Let’s start with the good. The HyperX Pulsefire FPS mouse is lightweight yet is not flimsy feeling. The combination of large rubber grips with a classic ergonomic design simply feels great in your hand. Mix in massive, and truly smooth, mouse feet and this mouse will feel more like an extension of your hand than as an external input device. It may use an older sensor but it is not antiquated in its abilities. 3200 DPI is way, way more than what most will ever need. In fact, 1600 is probably more than what people will ever need. As it uses Omron switches you will also get a nice tactile (and audible) feedback from each button actuation and you can count on them to work not matter how hard to rage click.
This mouse is also ‘plug and play’ with zero software installation required. So no matter how many systems you plug it into you can expect to get the exact same user-experience. This however is also the HyperX Pulsefire FPS’ weakest link. There is no possible way to reconfigure what each mouse button does without resorting to 3rd party software. This in and of itself is a bit disappointing but when the fact that you only will get four DPI scaling settings is added in we feel that the HyperX design team did make a large mistake. 400/800/1.6K/3.2K is simply not precise enough. HyperX would have been much better off including a small programmable chip on the mouse that could communicate with a lightweight application for customization. That would have provided the best of both worlds: plug and play (as the settings would be stored on the mouse) and yet customization for those who need it. Yes they offer it on their more expensive ‘Pro’ version but in this day and age all gaming orientated mouse should come with this feature – regardless of where it is in the lineup.
In between these two extremes is the lack of color optimization. We personally ambivalent over LED enabled mice, but some people will consider ‘you can have it in any color you want as long as it is RED’ to be a major negative. At the very least the ability to turn off the LEDs would have been a nice little bonus.
Overall this mouse is not perfect but for such a novice manufacture their efforts are bloody impressive. We are sure HyperX will tweak things for future models… as they fix most of our complaints with their ‘Pro’ model. In the meantime, with an asking price of only $50 this is still one heck of a bargain. As long as you understand it is not a Razor DeathAdder clone, and can live with its built-in limitations it certainly deserves a long hard look… as its price is almost too good to pass up.

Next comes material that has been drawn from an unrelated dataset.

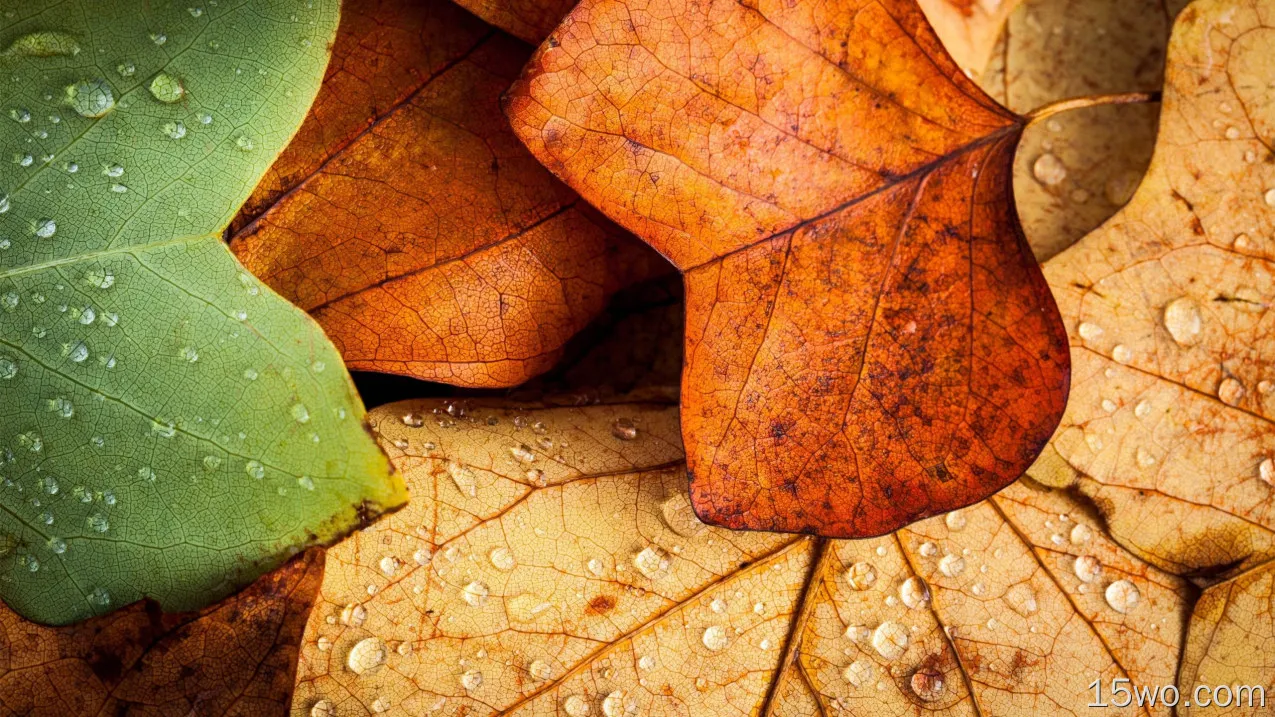 秋天，树叶，水滴，潮湿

This is especially true when you add in a HyperX Alloy FPS Pro keyboard and their Fury S mousepad as this does make a rather good ecosystem with each component helping to make the sum greater than its parts.
Final Score (HyperX Pulsefire FPS): 83 out of 100
Final Score (HyperX ecosystem): 90 out of 100
The Review
HyperX Pulsefire FPS
When you combine good real-world abilities, with good ergonomics, and then add in a killer asking price… giving up software customization and even higher DPI abilities is not that great of a hardship to say the least.